GIVEN DATA:
********************
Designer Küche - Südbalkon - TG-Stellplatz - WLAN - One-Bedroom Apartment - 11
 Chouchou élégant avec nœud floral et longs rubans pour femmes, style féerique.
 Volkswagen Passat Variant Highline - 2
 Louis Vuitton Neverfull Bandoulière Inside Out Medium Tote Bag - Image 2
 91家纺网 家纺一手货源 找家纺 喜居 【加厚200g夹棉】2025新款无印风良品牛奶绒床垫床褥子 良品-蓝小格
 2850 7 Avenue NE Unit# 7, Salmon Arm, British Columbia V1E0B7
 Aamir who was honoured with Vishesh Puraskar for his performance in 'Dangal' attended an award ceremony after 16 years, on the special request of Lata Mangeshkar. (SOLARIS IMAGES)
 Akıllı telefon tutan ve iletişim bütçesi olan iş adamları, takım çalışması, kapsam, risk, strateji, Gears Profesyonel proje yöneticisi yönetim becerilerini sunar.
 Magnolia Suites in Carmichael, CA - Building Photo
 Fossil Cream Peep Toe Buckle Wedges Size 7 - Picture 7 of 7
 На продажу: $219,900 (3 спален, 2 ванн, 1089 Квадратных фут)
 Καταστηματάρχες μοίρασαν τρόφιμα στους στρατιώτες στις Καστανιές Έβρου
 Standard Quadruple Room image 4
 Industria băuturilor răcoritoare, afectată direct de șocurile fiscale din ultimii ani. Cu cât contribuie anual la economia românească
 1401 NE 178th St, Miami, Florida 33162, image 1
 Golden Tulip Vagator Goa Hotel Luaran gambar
********************
Beginning with the line that contains "1401 NE 178th", return every line to the end of the listing, unchanged, and nothing else.

 1401 NE 178th St, Miami, Florida 33162, image 1
 Golden Tulip Vagator Goa Hotel Luaran gambar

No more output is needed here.